## Union() vs unionAll() in PySpark


In PySpark, the `union()` and `unionAll()` transformations are used to merge two or more DataFrames with the same schema or structure.


### Older Versions of PySpark (before 2.0)


**unionAll:** 
- This was the method used to combine two DataFrames without removing duplicates. It kept all rows, even if they were the same in both DataFrames.

**union:**
- In older versions, union would remove duplicate rows after combining the DataFrames. It performed deduplication of the resulting DataFrame.

### Newer Versions of PySpark (from 2.0 onwards)

**union:**
- In modern versions of PySpark (2.0+), union now behaves like unionAll. It keeps duplicates and does not remove duplicate rows. The union function now combines DataFrames without deduplication, just like unionAll did in the older versions.

**unionAll:** 
- unionAll has been deprecated in PySpark 2.0 and later. It was kept for backwards compatibility, but the union function now does the same thing.

**Example Using union (New Version)**

In newer versions (PySpark 2.0 and above), union keeps duplicates, so it behaves the same as unionAll from older versions.

In [0]:
# sample dataframe
data1 = [("Rohish", 26), ("Smit", 25), ("Rajesh", 27)]
data2 = [("Rohish", 26), ("Melody", 25)]

schema=["Name", "age"]

df1 = spark.createDataFrame(data1, schema)
df2 = spark.createDataFrame(data2, schema)

df1.show()
df2.show()

+------+---+
|  Name|age|
+------+---+
|Rohish| 26|
|  Smit| 25|
|Rajesh| 27|
+------+---+

+------+---+
|  Name|age|
+------+---+
|Rohish| 26|
|Melody| 25|
+------+---+



In [0]:
# unionAll and union both gives same results
df1.unionAll(df2).show()

+------+---+
|  Name|age|
+------+---+
|Rohish| 26|
|  Smit| 25|
|Rajesh| 27|
|Rohish| 26|
|Melody| 25|
+------+---+



In [0]:
# unionAll and union both gives same results
df1.union(df2).show()

+------+---+
|  Name|age|
+------+---+
|Rohish| 26|
|  Smit| 25|
|Rajesh| 27|
|Rohish| 26|
|Melody| 25|
+------+---+



### union and unionAll in Spark SQL vs PySpark DataFrames

**PySpark DataFrame:**
- If you are performing `union` and `unionAll` on dataframe there is no difference both are same

**Spark SQL**:
- `union` only returns a unique record, while `union all` returns all the records (including duplicates).

In [0]:
# creating temp view on df
df1.createOrReplaceTempView("view_1")
df2.createOrReplaceTempView("view_2")

In [0]:
spark.sql("""select * from view_1""").show()
spark.sql("""select * from view_2""").show()

+------+---+
|  Name|age|
+------+---+
|Rohish| 26|
|  Smit| 25|
|Rajesh| 27|
+------+---+

+------+---+
|  Name|age|
+------+---+
|Rohish| 26|
|Melody| 25|
+------+---+



In [0]:
# union: combine the data from table1 and table2 (removes duplicates)
spark.sql("""
          select * from view_1
          union
          select * from view_1
          """).show()

+------+---+
|  Name|age|
+------+---+
|Rohish| 26|
|  Smit| 25|
|Rajesh| 27|
+------+---+



In [0]:
# union all: combine the data from table1 and table2 (keeps duplicates)
spark.sql("""
          select * from view_1
          union all
          select * from view_1
          """).show()

+------+---+
|  Name|age|
+------+---+
|Rohish| 26|
|  Smit| 25|
|Rajesh| 27|
|Rohish| 26|
|  Smit| 25|
|Rajesh| 27|
+------+---+



## unionByName() in PySpark

In PySpark, unionByName() is a function that allows you to combine two DataFrames based on column names, rather than the order of columns. 
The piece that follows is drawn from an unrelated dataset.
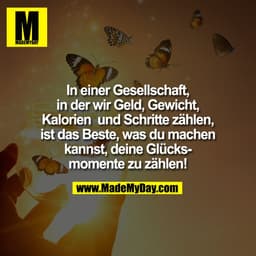 In einer Gesellschaft,
in der wir Geld, Gewicht,
Kalorien  und Schritte zählen,
ist das Beste, was du machen
kannst, dei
This function is useful when you want to union DataFrames that may have columns in different orders or even different columns.
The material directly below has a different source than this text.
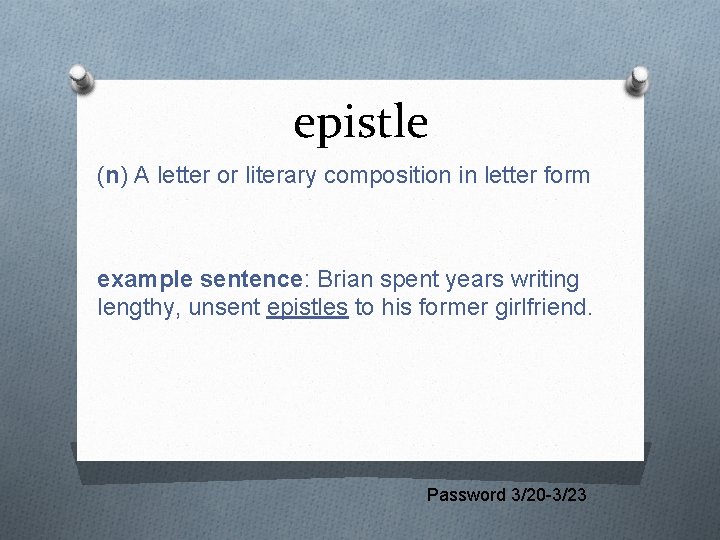 epistle (n) A letter or literary composition in letter form example sentence: Brian spent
#### Key Points about unionByName:

**Column Name-Based:**
- It combines DataFrames by matching columns with the same names. 
- If the columns do not match in order, unionByName() will still work as long as the column names are the same.

**Handling Missing Columns:**
- If one DataFrame has columns that the other DataFrame does not have, unionByName() will fill the missing columns with null values in the resulting DataFrame.

**vallowMissingColumns:**
- By default, PySpark will throw an error if the two DataFrames do not have the same set of columns. 
- However, you can use the allowMissingColumns parameter to specify whether missing columns should be filled with null instead of raising an error.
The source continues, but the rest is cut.